───── Provided data

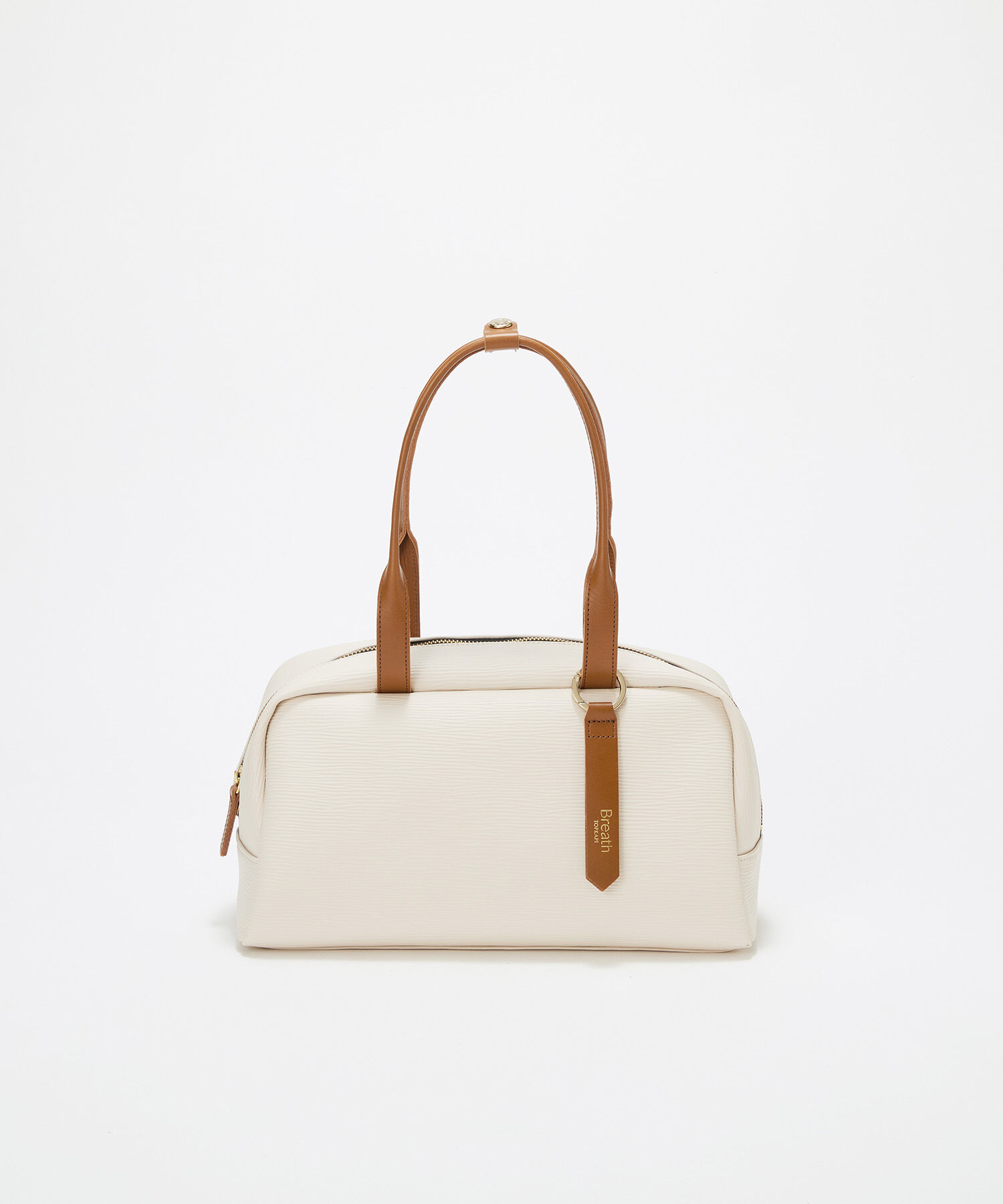 TOPKAPI BREATH「【Breath TOPKAPI】RIPPLE リプル ワイド ボストンバッグ チャーム付き」|ボストンバッグ|アイボリー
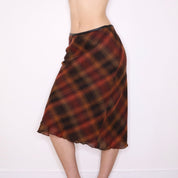 90s Italian Plaid Wool Midi Skirt (S/M)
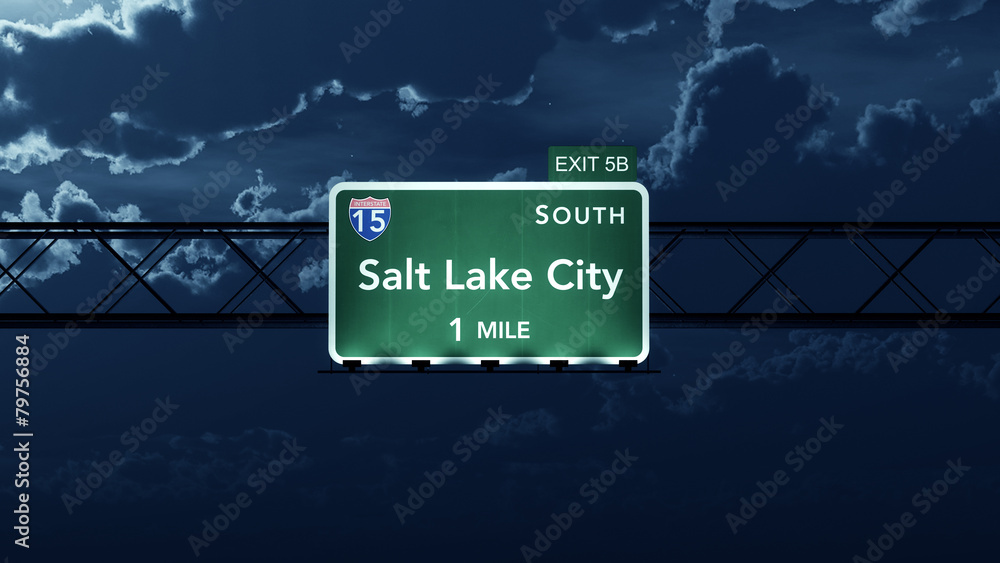 Salt Lake City USA Interstate Highway Road Sign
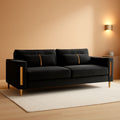 86-Inch Black Velvet Loveseat With Gold Metal Legs For Living Room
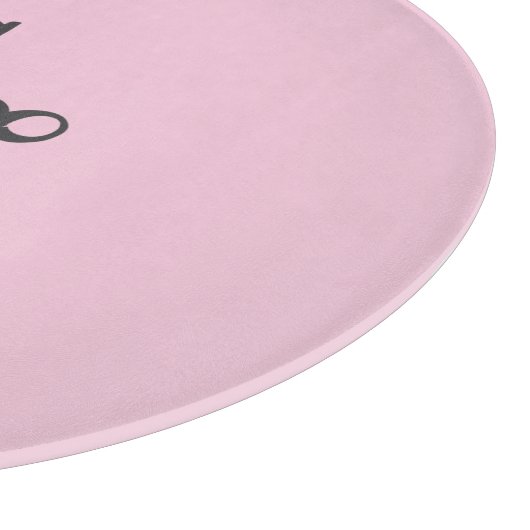 Planche À Découper Gray script initial monogram pink (Coin)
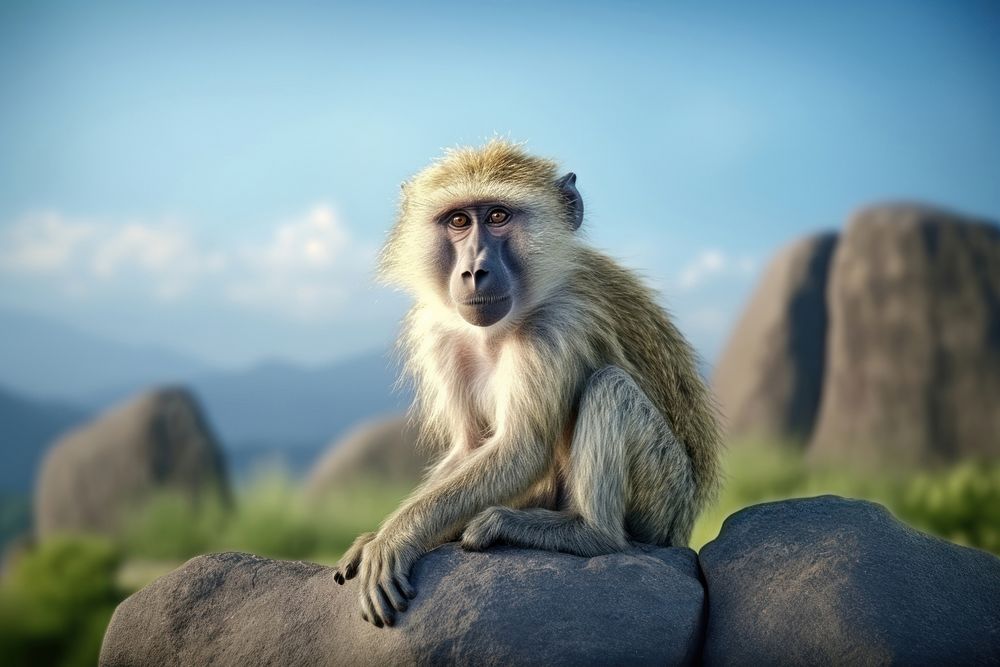 Wildlife monkey animal mammal. AI generated Image by rawpixel.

──────────

Problem to work on: Starting with the line containing "Salt Lake City" and ending with the last line of the records above, write out each line exactly; no pictures.

Exercise output:
 Salt Lake City USA Interstate Highway Road Sign
 86-Inch Black Velvet Loveseat With Gold Metal Legs For Living Room
 Planche À Découper Gray script initial monogram pink (Coin)
 Wildlife monkey animal mammal. AI generated Image by rawpixel.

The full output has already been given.